It’s time to pull out ideas you may have had about cool stuff to do with your kids – or let your kids do on their own – and add a little zest to the rest of summer break. It’s also a great time to refresh the skills your kids learned last year and get them ready for the challenges ahead.

Here are a few fun ideas that also require reading, following direction, solving problems, math, and even spatial reasoning. Not only will one of these cool projects get kids moving and grooving for the last weeks of summer, it can get them back into the routine of thinking like a student.

Do a painting project

Projects that include lots of paint and several days to finish a painting simply do not happen all that often during the school year. Summer is a great time to let your kids enjoy the feel of a paintbrush in hand and create a piece of original art. Get them a large surface to paint on (canvas or wood), paint and brushes, and then let them look for inspiration. Home improvement shows and magazines are great resources for ideas for paintings you can do at home. Kids can also paint fabric, dishes, or even old furniture that could use a facelift.

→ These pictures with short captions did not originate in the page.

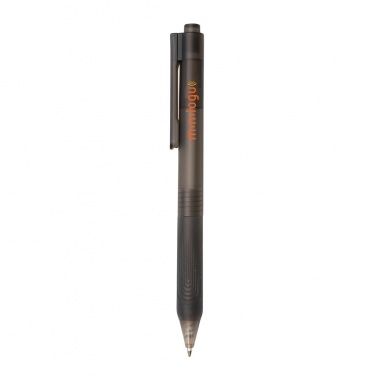 Logo trade corporate gift photo of: X9 frosted pen with silicone grip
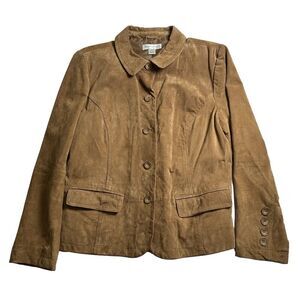 Christopher & Banks Brown Suede Leather Jacket Womens L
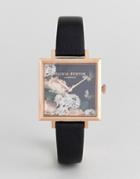 Olivia Burton Ob16wg27 Floral Square Leather Watch In Black - Black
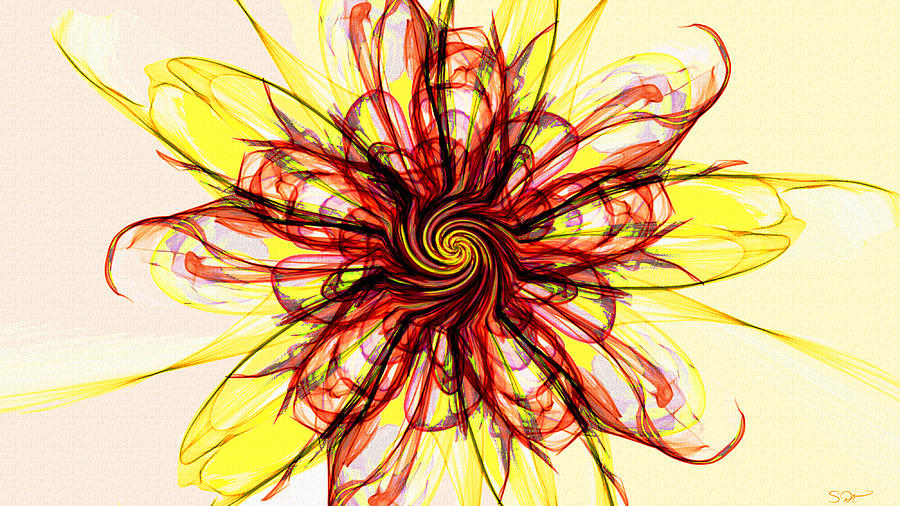 Sunflower Painting - Song of the Psychedelic Sunflower by Abstract Angel Artist Stephen K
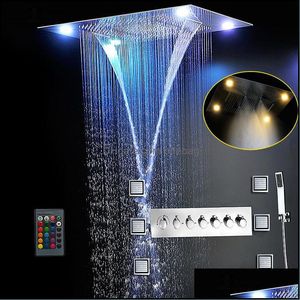 El juego de ducha más completo 6 funciones Sistema de baño lujoso Cascada grande Lluvia dual Misty Techo oculto Cabezal de ducha Mas Drop Delivery 20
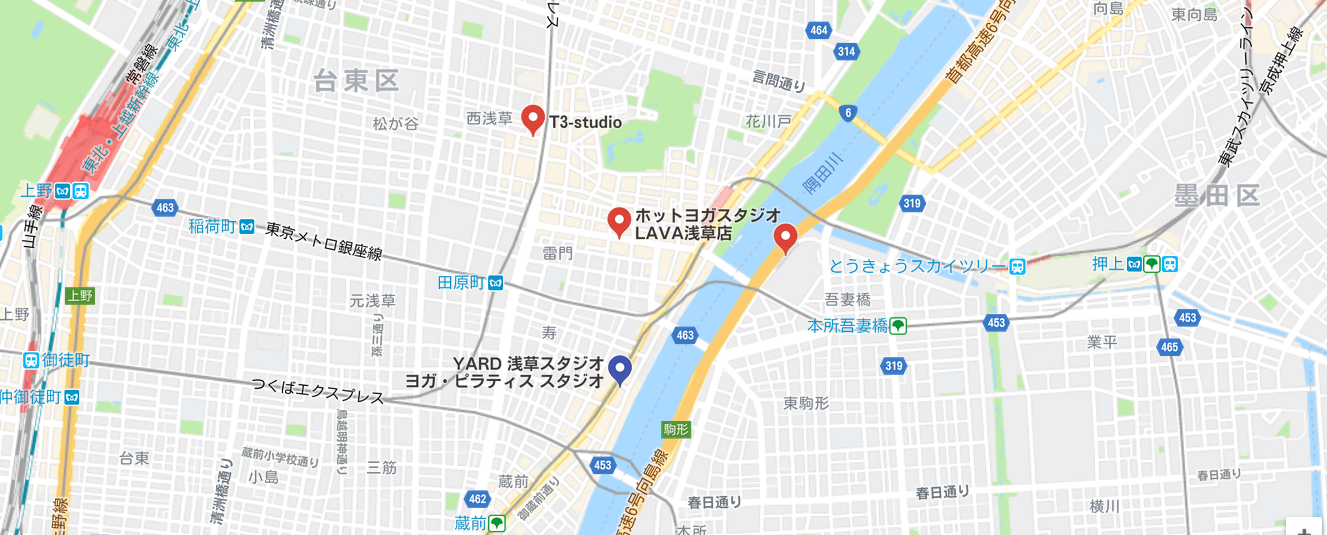 ヨガ浅草マップ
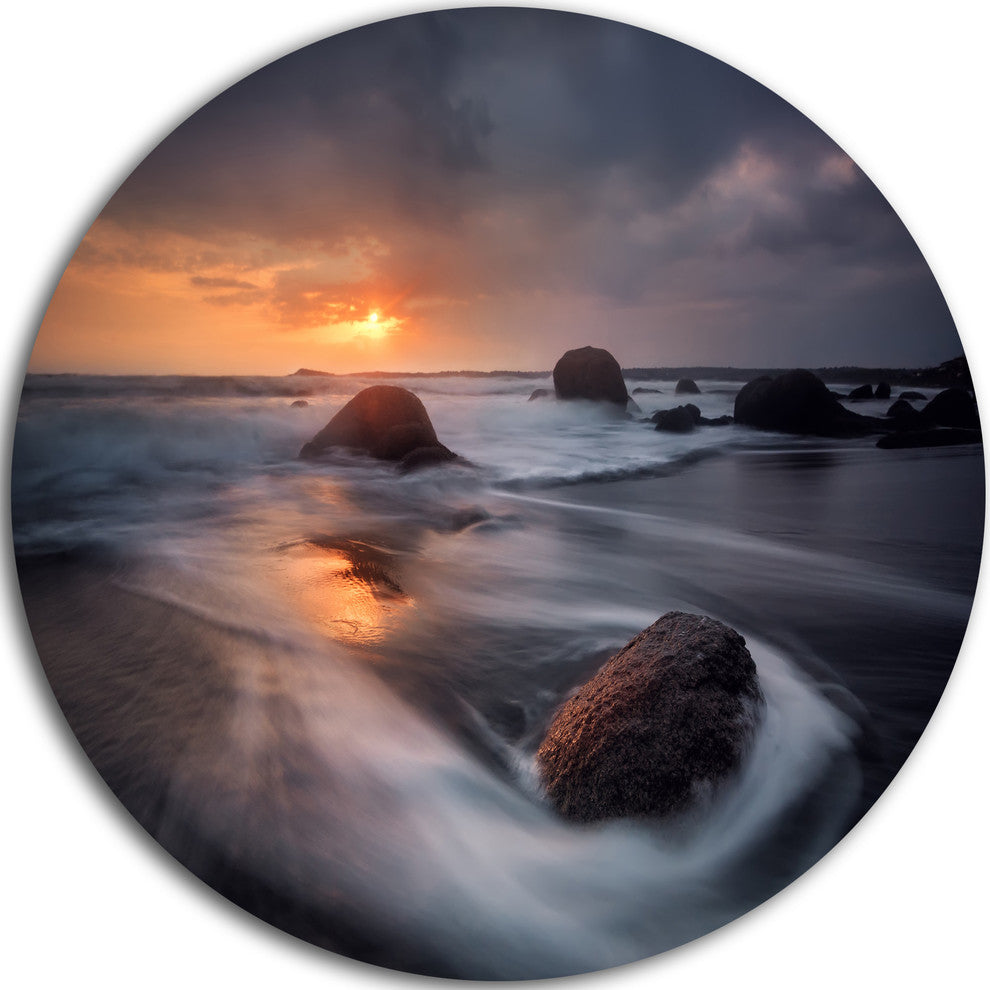 Sunrise In Burgas Bay Near Atia, Seascape Round Wall Art, 11"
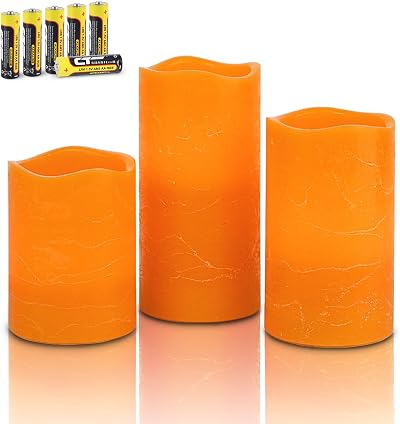 Rhytsing Orange Real Wax Flameless Candles with Timer for Fall, 3 Pcs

Plan a cooking or baking day

Let your kids plan a meal for you and your family. They can look through cookbooks and choose recipes they would like to make, determine the ingredients needed, shop, prepare the meal and serve it.

Design and build something

What can your kids construct? Can they build an obstacle course in the backyard? Bridges for toy cars to ride over kiddie pools? Boats to race down a nearby creek? This can be as complicated as original designs or as simple as a craft kit from a local hobby store. Encourage conversations about the decision-making during building. When it’s time to test the finished product, video tape the experience, interview the builder to get a live comment about how it went, and if desired, share with family and friends.

Sort and preserve photos

Did your summer include a vacation? Do you have a collection of pictures, printed or digital, that you would love to see organized into a scrapbook, photo album, or printed photo book? Photo storage and memory preservation projects can be completed with or without supervision. Invite your kids to create a piece of art that reflects a shared memory and the family can enjoy for years to come.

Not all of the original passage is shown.